Information is a Conversation, not a Lecture

I stole the title from Karen's Free Range Librarian post from yesterday "Pensees from WebCred" in which she muses "out loud" on things informational in a most effective and elegant way. Jenny Levine also clipped a sentence or two for The Shifted Librarian. Go read Karen's whole (longish) post. Karen mused in an earlier post that she feels she has regained her (writing) groove and I agree. Lots to chew on.

And I do like to know Karen relishes red sweaters!

Two pensees particularly resonated. One on metadata and one on what Jenny called being part of information seekers' "trusted circles" when I interviewed her for the Scan.

"Metadata should be firmly lashed to information at the beginning of its journey and if possible added to along the way, over the Donner Pass and through cordones sanitaire, so that information becomes less "lossy" and in fact richer in meaning."

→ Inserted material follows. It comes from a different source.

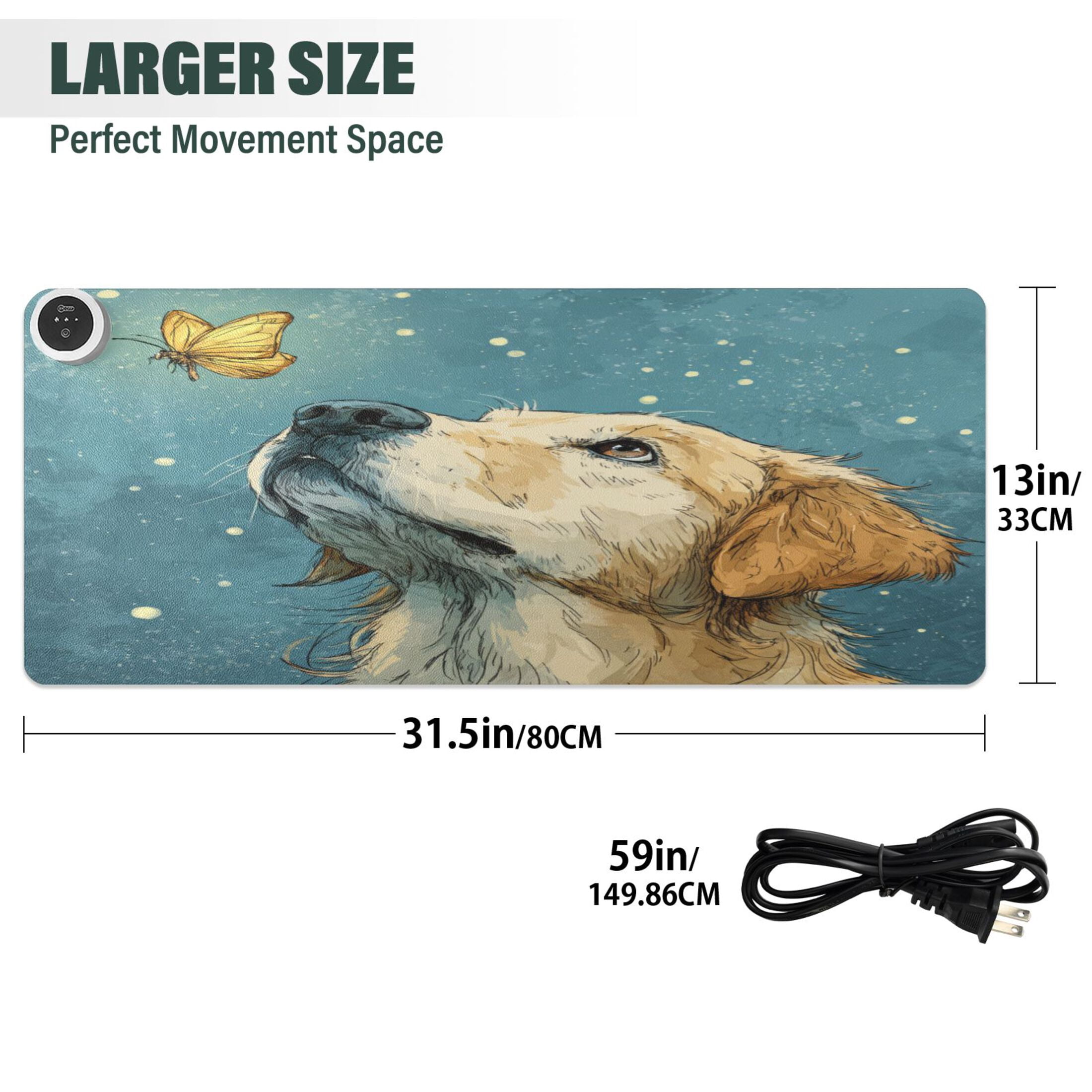 Large Heated Desk Mat Mouse Pad 31.5"x13"PU Leather Graphene Heating Desk Warmer with 3 Temperature Settings 110V US Plug Non-Slip Warm Pad for Home, Office, and Gaming Butterfly Kisses for A Pup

"Anne Lipow, a great librarian, innovator, educator, and publisher, often said that the user is not remote from the librarian, the librarian is remote from the user. This is true for all information communities. Our users (readers, patrons) are right there, where they should be; we are the ones who need to close the distance."

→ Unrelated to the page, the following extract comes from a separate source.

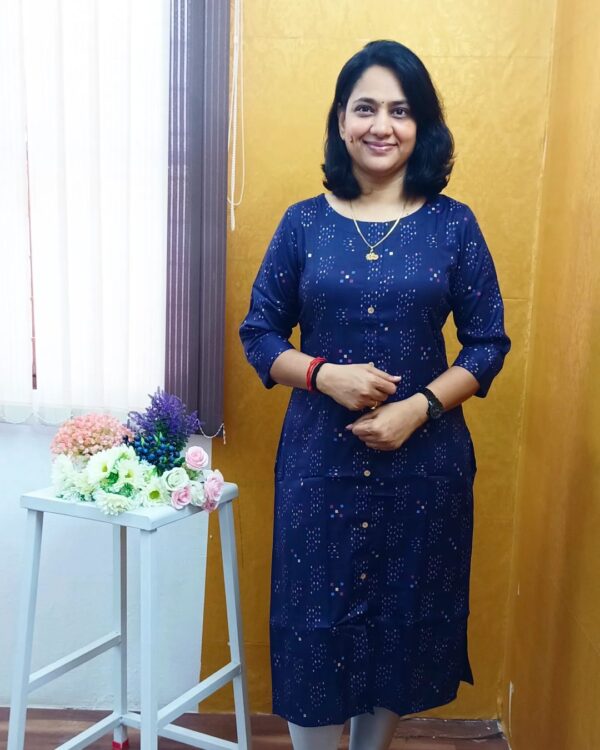 Kurti Standard Shapes Print - Straight Cut Boat Neck-Godzee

There was another Blog conference going on almost the same time as WebCred in Boston...Blog Business Summit happened on the opposite coast--Seattle. Tom Peters' blog has several posts on this.

And in other news....hardly worth commenting on due to the vast coverage but Google Video has debuted as a beta--just as was predicted a few short weeks ago, and which we faithfully reported. I tested it by searching "Donald Trump" although given the vast coverage of that non-event (although I am sure it was a meaningful event to The Donald and Melania) perhaps that was too easy. And it's the 'in' thing to do. Blinkx and Yahoo also released video search engines.

Another interesting Pew study was released, also commented on in many places: Search Engine Users "Users paint a very rosy picture of their online search experiences. They feel in control as searchers; nearly all express confidence in their searching skills. They are happy with the results they find; again, nearly all report that they are usually successful in finding what they’re looking for. And searchers are very trusting of search engines, the vast majority declaring that search engines are a fair and unbiased source of information. " This is, of course, an extension of the research we reported on in the Environmental Scan--that people are generally satisfied looking for things on their own. A must-read for librarians.

And noted in Wired News, "Information Wants to Be Liquid." "Frode Hegland, a researcher at University College London, wants to change the basic structure of information on the net." There's a demo. And no mention of the Semantic Web.

And that's just a few of the information conversations happening "out there".